Dark data is the resource goldmine you don’t dig into
Imagine paying US$100 for 16k of RAM. That’s not a misprint, by the way: 16,384 bytes of eight-bit data, making up a reasonably short, fifteen paragraph document, comprising of ASCII characters.
If that sort of cost were a reality today (as it was up to the mid-1980s), then the strictures we’d impose on ourselves and our businesses with regards data would be infinitely more stringent: determining real value, prioritizing what to keep and valuing every bit of every byte.
Clearly in today’s silicon-cheap reality, we can literally afford to be data-rich. The benefits are all around us; from machine-learning’s use in facial recognition in security systems to advanced, pro-active analytics and business intelligence, we create and retain more data than we know what to do with.
Some estimates put so-called secondary data as making up 60 to 80 percent of total data held by the average enterprise. Secondary data used only to refer to backups and failover copies of data, but since data’s presence became all-pervasive, this data “lake” also includes instances like test data, copies of databases used in development operations, as well as hard drive and tape archives.
Use of the term lake in the context of secondary data suggests a single repository of information, from which interested parties can easily draw, for instance, insightful business intelligence, or a copy of a failed cluster. The truth, unfortunately, is somewhat more distributed, if not actually fragmented.
Most enterprises’ data is spread right across multiple silos, from small shared facilities in individual departments, up to massive off-site backup or archiving facilities. These repositories of secondary data are growing at an incredible rate – by up to 800 percent in the next three to five years, according to Gartner.
Modern storage technologies allow massive scale-out of storage and archiving; and of course, the data gathering processes are becoming more and more automated: information is now often retained by default, a situation which is possible due to the ubiquity of storage media, and their low cost overall.
As is the tendency of the tech industry, a catchphrase developed: big data. Just a few years ago, big data processing and research was the remit of high-end research groups in academe and large enterprises. However, even small organizations today hold terabytes of data – sometimes for compliance reasons, sometimes in case of the need to restore or rollback. Often too, data is just “parked,” rarely accessed or used, but available should the need arise.
As resources become available, the so-called primary data and applications are given the prime storage and compute facilities. New-generation NAND drives in hyperconverged data centers ensure that business-critical data and processes are (rightly) prioritized. And because secondary apps and data (literally) come second in the priorities of the IT function, they become distributed, and often duplicated, or silo-ed.
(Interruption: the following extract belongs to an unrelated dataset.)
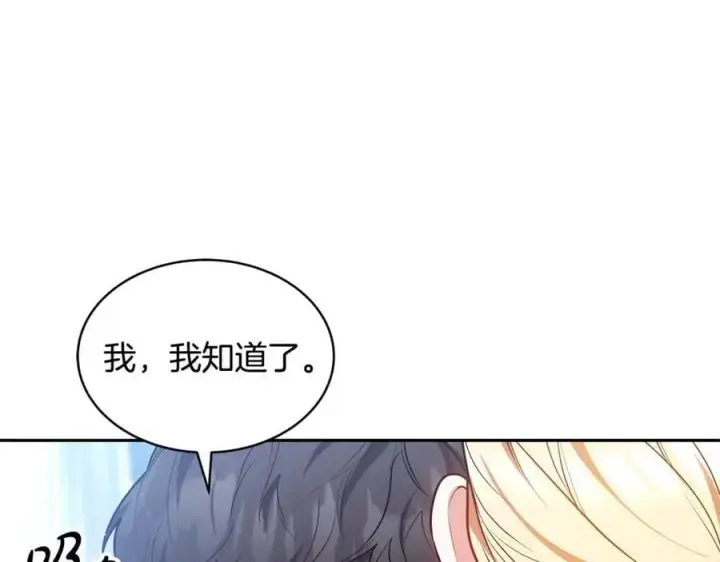 《继母活命很简单》第51话 一起去看雪图38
By deploying proper management systems for this secondary resource of so-called “dark data” correctly, businesses will gain in several ways. Among them:
- Capability to cope with the future. Scale-out storage means adding to data storage is seamless, cost- and time-effective. There’s likely to be no reversal in the rate that data is being kept – therefore prices of secondary data look set to rise.
- Lowering costs. Silo-ed data is difficult to access and process to derive useful business value. Additionally, data is often not de-duped, compressed or rationalized intelligently. Therefore organizations are paying more for their archives than they should.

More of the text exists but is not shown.